Facebook's rumored location-tracking app: A privacy nightmare or more of the same?

Facebook has followed you around the Web, kept tabs on your Spotify listening habits, collected your check-in data, and now, the world’s largest social network wants to silently track your location, according to an online report. An unnamed Facebook smartphone app is reportedly set to be released in mid-March that would keep tabs on your location in real time and alert you when friends are nearby.

Facebook already does something similar with its check-in service, but the upcoming purported app would always be on, running in the background, according to Bloomberg. It’s not clear whether this new app would be a stand-alone program or built into the primary Facebook application.

Everybody else is doing it

While the idea of having Facebook follow you around on your daily adventures may not be appealing to some, the idea of a persistent mobile location app is nothing new. Google Latitude, introduced in 2009, and Apple’s Find My Friends, introduced in 2011, both doing something similar.

The difference, however, could be in the details of how the app works. Both Latitude and Find My Friends require you to explicitly approve each friend request before the apps start sharing your location. It’s not clear whether Facebook’s app would do something similar, or if it would just automatically start sharing your coordinates with your Facebook friends who are also using the service.

The social network’s data policies already allow for this type of automatic location sharing with your Facebook friends. “We receive data from the … device you use to access Facebook,” the policy reads. “This may include your IP address … Internet service, location, the type (including identifiers) of browser you use, or the pages you visit.” Facebook says one reason it may obtain this information is to “get your GPS or other location information so we can tell you if any of your friends are nearby.”

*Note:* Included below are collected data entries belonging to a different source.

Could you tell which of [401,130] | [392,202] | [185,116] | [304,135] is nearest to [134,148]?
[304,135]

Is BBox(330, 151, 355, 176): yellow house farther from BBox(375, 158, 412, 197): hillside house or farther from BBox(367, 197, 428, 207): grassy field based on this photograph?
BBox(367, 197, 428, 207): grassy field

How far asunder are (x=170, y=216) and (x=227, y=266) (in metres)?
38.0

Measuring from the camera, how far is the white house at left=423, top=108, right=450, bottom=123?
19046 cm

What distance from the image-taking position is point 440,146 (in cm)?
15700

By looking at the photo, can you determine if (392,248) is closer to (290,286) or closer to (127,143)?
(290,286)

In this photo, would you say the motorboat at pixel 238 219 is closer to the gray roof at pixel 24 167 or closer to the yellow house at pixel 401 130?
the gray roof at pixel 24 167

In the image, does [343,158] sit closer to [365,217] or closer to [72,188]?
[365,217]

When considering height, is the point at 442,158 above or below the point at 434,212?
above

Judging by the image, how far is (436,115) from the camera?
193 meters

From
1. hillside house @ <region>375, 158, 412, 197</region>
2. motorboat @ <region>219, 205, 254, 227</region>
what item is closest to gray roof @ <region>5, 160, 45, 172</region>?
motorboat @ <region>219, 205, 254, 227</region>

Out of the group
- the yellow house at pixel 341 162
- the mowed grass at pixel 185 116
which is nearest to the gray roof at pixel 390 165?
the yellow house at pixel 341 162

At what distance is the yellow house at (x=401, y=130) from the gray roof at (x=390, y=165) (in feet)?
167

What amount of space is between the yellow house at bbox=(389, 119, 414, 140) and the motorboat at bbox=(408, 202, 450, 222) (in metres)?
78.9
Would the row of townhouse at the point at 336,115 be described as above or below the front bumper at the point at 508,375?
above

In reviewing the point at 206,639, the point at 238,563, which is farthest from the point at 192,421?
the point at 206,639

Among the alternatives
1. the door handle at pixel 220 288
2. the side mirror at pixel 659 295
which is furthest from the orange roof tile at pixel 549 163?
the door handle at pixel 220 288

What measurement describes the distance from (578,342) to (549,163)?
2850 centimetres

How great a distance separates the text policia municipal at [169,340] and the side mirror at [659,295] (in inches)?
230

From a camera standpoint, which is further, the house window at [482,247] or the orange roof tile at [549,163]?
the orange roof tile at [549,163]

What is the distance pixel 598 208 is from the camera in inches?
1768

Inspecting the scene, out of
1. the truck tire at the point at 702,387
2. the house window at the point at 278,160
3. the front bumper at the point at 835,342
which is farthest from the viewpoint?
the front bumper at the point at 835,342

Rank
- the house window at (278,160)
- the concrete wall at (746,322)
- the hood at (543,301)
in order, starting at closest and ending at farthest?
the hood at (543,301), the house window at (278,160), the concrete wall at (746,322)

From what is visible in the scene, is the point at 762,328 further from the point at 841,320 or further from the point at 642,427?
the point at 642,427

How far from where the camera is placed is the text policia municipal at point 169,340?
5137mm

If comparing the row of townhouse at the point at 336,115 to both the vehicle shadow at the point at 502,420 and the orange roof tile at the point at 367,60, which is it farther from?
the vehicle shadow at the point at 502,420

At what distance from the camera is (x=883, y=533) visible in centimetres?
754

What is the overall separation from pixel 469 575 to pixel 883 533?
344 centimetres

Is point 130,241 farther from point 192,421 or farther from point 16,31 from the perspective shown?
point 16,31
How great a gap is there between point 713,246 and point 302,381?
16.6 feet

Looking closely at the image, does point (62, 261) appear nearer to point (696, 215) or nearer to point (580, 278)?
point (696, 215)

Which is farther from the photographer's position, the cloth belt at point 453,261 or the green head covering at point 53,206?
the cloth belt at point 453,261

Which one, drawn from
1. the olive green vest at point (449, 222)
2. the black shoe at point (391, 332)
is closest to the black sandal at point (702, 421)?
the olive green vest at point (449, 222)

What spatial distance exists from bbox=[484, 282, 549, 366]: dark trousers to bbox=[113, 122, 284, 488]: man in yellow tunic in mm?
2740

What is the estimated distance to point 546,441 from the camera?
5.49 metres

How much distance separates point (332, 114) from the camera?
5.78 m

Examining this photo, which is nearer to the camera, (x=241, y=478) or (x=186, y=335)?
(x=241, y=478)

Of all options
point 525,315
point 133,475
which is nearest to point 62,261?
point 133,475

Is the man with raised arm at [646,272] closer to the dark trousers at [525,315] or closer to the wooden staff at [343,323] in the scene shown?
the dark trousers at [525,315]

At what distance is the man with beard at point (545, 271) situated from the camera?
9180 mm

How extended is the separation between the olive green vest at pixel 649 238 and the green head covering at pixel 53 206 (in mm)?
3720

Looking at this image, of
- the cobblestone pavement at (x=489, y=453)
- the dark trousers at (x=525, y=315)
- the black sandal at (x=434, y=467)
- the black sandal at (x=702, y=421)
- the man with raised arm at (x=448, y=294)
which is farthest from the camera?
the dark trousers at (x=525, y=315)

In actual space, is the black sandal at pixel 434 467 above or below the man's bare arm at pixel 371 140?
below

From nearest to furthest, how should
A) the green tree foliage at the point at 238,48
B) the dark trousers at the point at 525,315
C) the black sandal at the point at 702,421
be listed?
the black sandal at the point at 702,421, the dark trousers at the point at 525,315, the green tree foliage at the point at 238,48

You may have already seen this policy in action thanks to Facebook’s check-in service (previously named Places) that was introduced in 2010. If you check-in to a location and a friend checks in somewhere else that’s nearby, you will receive a notification that your friend is in the area. So Facebook’s rumored service sounds like an extension of what the social network is already doing.

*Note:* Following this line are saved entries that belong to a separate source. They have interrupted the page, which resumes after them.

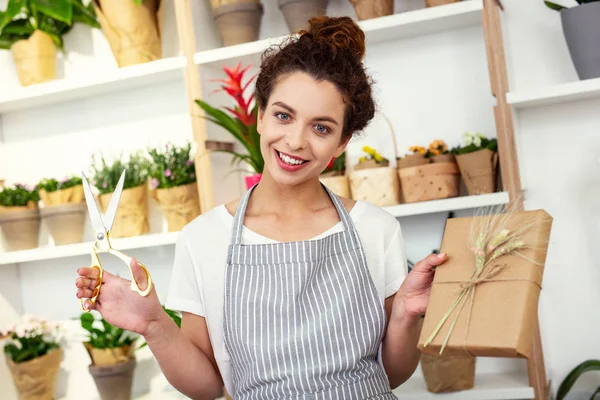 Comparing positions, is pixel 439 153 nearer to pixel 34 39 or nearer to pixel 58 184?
pixel 58 184

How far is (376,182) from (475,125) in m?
0.40

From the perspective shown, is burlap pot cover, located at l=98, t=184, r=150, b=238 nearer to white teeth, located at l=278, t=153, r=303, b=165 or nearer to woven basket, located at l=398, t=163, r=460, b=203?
woven basket, located at l=398, t=163, r=460, b=203

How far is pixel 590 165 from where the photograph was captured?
2.25 metres

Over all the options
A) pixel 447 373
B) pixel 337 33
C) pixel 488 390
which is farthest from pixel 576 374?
pixel 337 33

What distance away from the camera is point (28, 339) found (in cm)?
258

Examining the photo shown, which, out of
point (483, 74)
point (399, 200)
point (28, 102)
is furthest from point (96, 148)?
point (483, 74)

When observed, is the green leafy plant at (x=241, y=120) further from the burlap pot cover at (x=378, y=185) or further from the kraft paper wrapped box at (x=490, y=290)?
the kraft paper wrapped box at (x=490, y=290)

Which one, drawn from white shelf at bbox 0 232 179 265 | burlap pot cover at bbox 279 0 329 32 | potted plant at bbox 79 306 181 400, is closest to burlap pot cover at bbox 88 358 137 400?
potted plant at bbox 79 306 181 400

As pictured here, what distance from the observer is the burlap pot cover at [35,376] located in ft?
8.34

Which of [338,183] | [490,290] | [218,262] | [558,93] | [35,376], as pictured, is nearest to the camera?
[490,290]

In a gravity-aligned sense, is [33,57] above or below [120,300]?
above

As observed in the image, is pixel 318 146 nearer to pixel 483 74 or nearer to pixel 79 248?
pixel 483 74

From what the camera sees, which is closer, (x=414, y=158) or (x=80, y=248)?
(x=414, y=158)

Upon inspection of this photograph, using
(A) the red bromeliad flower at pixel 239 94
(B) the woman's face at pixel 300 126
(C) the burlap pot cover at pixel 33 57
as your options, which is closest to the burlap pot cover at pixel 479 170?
(A) the red bromeliad flower at pixel 239 94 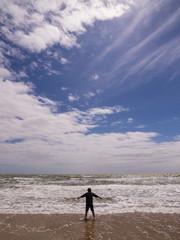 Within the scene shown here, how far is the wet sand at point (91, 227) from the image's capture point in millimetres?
9188

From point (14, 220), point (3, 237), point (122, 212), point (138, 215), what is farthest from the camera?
point (122, 212)

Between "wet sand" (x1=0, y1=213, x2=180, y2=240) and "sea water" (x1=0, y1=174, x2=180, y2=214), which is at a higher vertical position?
"sea water" (x1=0, y1=174, x2=180, y2=214)

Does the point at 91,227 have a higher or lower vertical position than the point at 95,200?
lower

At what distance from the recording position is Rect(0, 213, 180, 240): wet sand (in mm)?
9188

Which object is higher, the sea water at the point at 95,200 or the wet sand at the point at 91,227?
the sea water at the point at 95,200

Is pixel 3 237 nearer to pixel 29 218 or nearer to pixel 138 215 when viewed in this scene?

Of course, whenever Facebook starts asking you to share more information about your life, concerns from privacy advocates are never far behind. Facebook’s reputation for being relatively fast and loose with how it handles user data has already landed the social network in trouble. The company reached a settlement with the U.S. Federal Trade Commissionin late 2011 over previous privacy offenses. The deal resulted in a $16,000 fine and a promise to get user approval before making any changes to how Facebook handles user data.

Since 2011, the FTC has beefed up its punishments for privacy issues, recently fining the social networking app Path $800,000 for collecting personal information from users’ address books without their knowledge. And the federal agency also recently released some general recommendations for how mobile app developers should approach user privacy.

Big money?

But assuming Facebook really is coming out with a background location-sharing app, the lure of potential advertising dollars may override any concerns about government oversight. Along with its newly introduced Graph Search, a persistent location-sharing feature could help Facebook target ads even more effectively based on location and daily visits to particular places. It also opens up a bigger avenue for check-in deal coupons, a project also launched in 2010. If Facebook is always tracking your location, it could pop-up a deal alert that a nearby GAP is offering 50 percent off jeans, or a local coffee shop is offering a free croissant with the purchase of a latte.

This is pure speculation at this point, however, as Facebook has yet to announce a new location-sharing app or feature for its mobile products. But the prospect of sharing even more information with the world’s largest social network likely terrifies some users while exciting others.